Felaketlerden ders çıkarmayı öğrenmek
Her enkaz, yalnızca kaybedilen hayatları değil, insanlığımızı da sorgulatan bir mesajdır. Ancak biz bu mesajları almaktan hep kaçıyoruz. Sorun yalnızca geçmişin ihmalleri değil, geleceğin önlemlerinin hâlâ alınmıyor oluşudur. Yapı denetimleri daha şeffaf yapılmalı, riskli binalar tahliye edilmeli, bu ülkenin coğrafyasına uygun güvenlik standartları belirlenmelidir. Aksi halde her çatırtı, yeni bir felaketin habercisi olacaktır.
İnsan hayatının bedeli bu kadar mı ucuz?
Bir bina yapılırken, maliyeti düşünmek elbette önemli. Ama hiç kimse, bir insan hayatının bedelini hesaplayamaz. Hayatını kaybeden her bir can, ardında bir boşluk bırakır. O boşluk, sadece sevdiklerinin yüreğinde değil, toplumun vicdanında da derin yaralar açar.

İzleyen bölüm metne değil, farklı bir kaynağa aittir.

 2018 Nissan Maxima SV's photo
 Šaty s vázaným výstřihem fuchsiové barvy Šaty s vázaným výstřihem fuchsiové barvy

Konya’daki enkazdan sağ çıkarılanlar, bize hâlâ umut olduğunu gösteriyor. Ama o umut, yalnızca enkaz altından çıkan bir nefesle sınırlı kalmamalı. O umut, yeni faciaların yaşanmaması için alınacak önlemlerle büyütülmelidir. Çünkü mucizelere bel bağlamak yerine, yaşamı güvence altına alan bir sisteme ihtiyacımız var.
Cehennemden çıkış var mı?
Bu ülkenin kaderi felaketlerle yazılmak zorunda değil. Bolu’daki yangında kaybedilen 78 can ve Konya’daki enkazda sıkışan hayatlar, bize artık bir dur dememiz gerektiğini haykırıyor. Yanan umutların, yıkılan hayatların, ihmal edilen sorumlulukların hesabını sormak hepimizin borcu.
Öbür tarafın cehennemini düşünmeye gerek yok. İnsan hayatının değersizleştiği bir ülkede yaşıyorsanız, cehennemi zaten buradan tanıyorsunuz. Sorumlulardan hesap sormadıkça, o ateş hiç sönmeyecek. Ve her felaketten sonra, hep aynı soruyu soracağız: Bu ihmallerin bedelini daha kaç masum ödeyecek?